Акулька, подобрав рубашонку, голозадо шмыгнула по приступкам на печку, к бабушке.
Когда укладывались спать, хозяин спросил:
– Много ли у тебя, Зыков, народу-то?
– К двум тысячам подходит.
– Поди, твои кержаки больше?
– Всякие. Чалдонов [Чалдон – коренной сибиряк-крестьянин] много да беглых солдат. Каторжан да всякой шпаны – тоже прилично. А кержаков не вовся много.
– А с Плотбища есть кержаки у тя?
– С Плотбища? Кажись, нет. А где это? Чего-то не слыхал.
– Весной откуда-то прибегли, разорили, вишь, их там. В глухом логу живут… Нонче пашню запахивали быдто. Верстов с пятнадцать отсель.
– Надо навестить, – сказал Зыков и стал одеваться.
– Куда ты? Что ты, ночь… Спи!
– Ничего. Я там переночую. Скажи-ка парню своему, чтоб двух коней мигом заседлал. Он знает дорогу-то?
Зыкову хотелось спать, глаза не слушались, но он враз пересилил себя. Горела лампадка у старых икон. Шестеро товарищей его спали в повалочку на полу. Он притворил за хозяином дверь и поднял за плечи рыжеголового.
– Слушай-ка, Срамных. Ну, прочухивайся скорей, чего шары-то выпучил! Это я. Вот что… – Зыков задумался. – Завтра до солнца айда в город. По пути смени коня и дальше. Чтоб к вечеру туда поспеть. Вынюхай, понимаешь, все. Кой-кого поприметь. Умненько.
Потом поднял корявого и низенького, в черной бороде с проседью, тот сразу вскочил и коренасто, как кряж, стоял на шубе, раскорячив ноги. Волосы шапкой висли на глаза.
– Слушай, Жук. Завтра отряд ты поведешь. Понял? Ты. А я нагоню. – Жук почтительно встряхивал головой.
– Кони готовы! – веселым голосом крикнул Гараська, входя к ним – Винтовку надо?
– Захвати.
Было одиннадцать часов. Месяц высоко вздыбился. Скрипучие ворота выпустили двух всадников.
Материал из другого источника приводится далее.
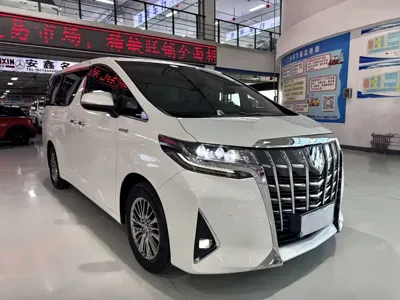 Toyota Alphard 2021, 40000 км, за 545000 CNY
Они проехали вдоль села. У костров, в тулупах и пимах, взад-вперед, чтоб не уснуть, ходили с винтовками часовые. У дальних за селом ворот, в поскотине, возле покрытых лесом скал, тоже горел костер. Четверо спали около жаркого пламени, пятый часовой с винтовкой, скорчившись, сидел на брошенном у костра седле и храпел. Зыков, проезжая, сгреб его за шиворот, приподнял, бросил в сугроб и, не оглядываясь, поехал дальше. Гараська захохотал:
– Вскочил… Хы-хы-хы… Опять кувырнулся… Целит!..
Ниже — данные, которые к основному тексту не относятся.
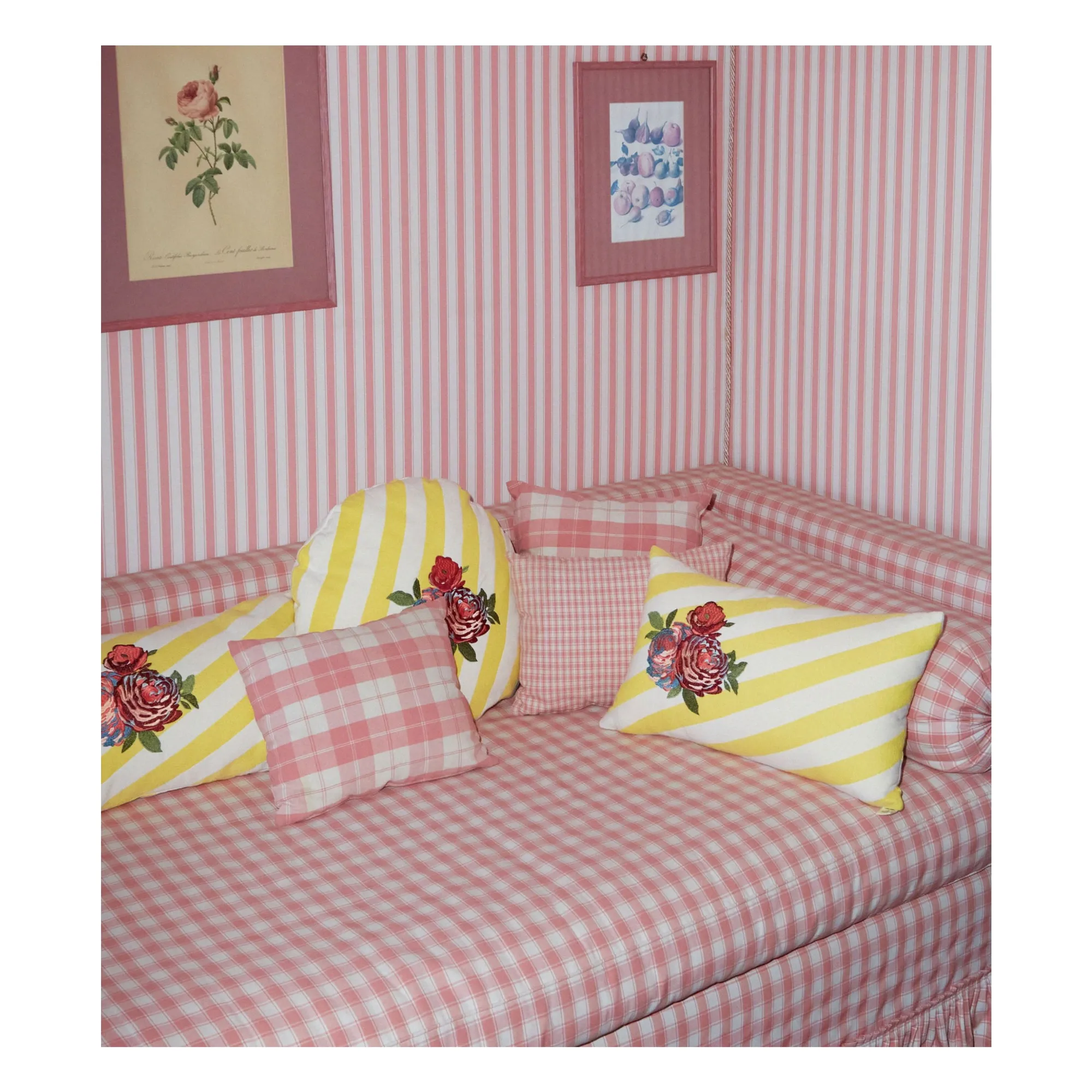 Coussin Carino, Lisa Corti x The Socialite Family  | Jaune- Image produit n°3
Жихнула пуля мимо самой зыковской головы и горласто, среди гор, грохнул выстрел. Зыков карьером подскакал к костру. Все у костра вскочили:
– В кого стрелял? – гневно крикнул он.
Часовой, раскосый парень, отряхивая снег, сердито скосил на Зыкова глаза:
– В чорта!.. В того самого, что в сугроб людей швыряет.
Зыков вынул пистолет и выстрелом в лоб уложил часового на месте.
От села, в тумане взвихренного снега, с гиканьем мчались марш-маршем всадники.
– Сменить часового! – крепко сказал Зыков и поехал вперед.
Гараська весь трясся, зубы его стучали.
Еще ковш Сохатого не повис отвесно над землей, как всадники, миновав звериные горные тропы и лога, под’ехали к кержацкой заимке. Заимка, притаившись, плотно сидела в ущельи, как в пазухе блоха.
– Тпру, – остановил Гараська. – Здесь.
Из конур, из-под амбара, с лаем выскочили собаки. Трусливый Гараська поймал жердину. Зыков, подойдя к двери, постучал. Гараська, взмахивая жердиной, робко пятился от раз’яренной собачьей своры.
За дверью раздался голос, в избе вспыхнул огонек.
– Господи Исусе Христе, помилуй нас, – сказал Зыков.
– Аминь.
Дверь отворилась, перед ними стоял высокий сухой бородач.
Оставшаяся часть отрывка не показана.